Writing DataFrame as parquet creates empty files

Question

I am trying to do some performance optimization for Spark job using bucketing technique. I am reading .parquet and .csv files and do some transformations. After I am doing bucketing and join two DataFrames. Then I am writing joined DF to parquet but I have an empty file of ~500B instead of 500Mb.

Cloudera (cdh5.15.1)
Spark 2.3.0

Blob

val readParquet = spark.read.parquet(inputP)
readParquet
    .write
    .format("parquet")
    .bucketBy(23, "column")
    .sortBy("column")
    .mode(SaveMode.Overwrite)
    .saveAsTable("bucketedTable1")

val firstTableDF = spark.table("bucketedTable1")

val readCSV = spark.read.csv(inputCSV)
readCSV
    .filter(..)
    .ordrerBy(someColumn)

    .write
    .format("parquet")
    .bucketBy(23, "column")
    .sortBy("column")
    .mode(SaveMode.Overwrite)
    .saveAsTable("bucketedTable2")

val secondTableDF = spark.table("bucketedTable2")
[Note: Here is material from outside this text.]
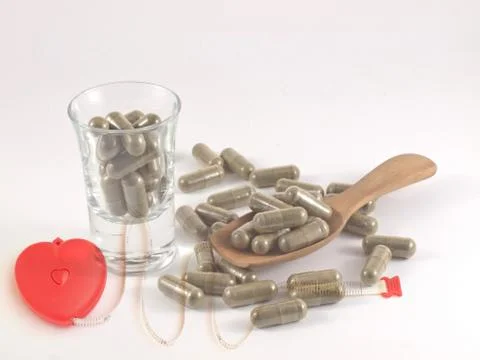 Herb in capsule pill Stock Photos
val resultDF = secondTableDF
    .join(firstTableDF, Seq("column"), "fullouter")
    .
    .
resultDF
    .coalesce(1)
    .write
    .mode(SaveMode.Overwrite)
    .parquet(output)

When I launch Spark job in command line using ssh I have correct result, ~500Mb parquet file which I can see using Hive. If I run the same job using oozie workflow I have an empty file (~500 Bytes). When I do .show() on my resultDF I can see the data but I have empty parquet file.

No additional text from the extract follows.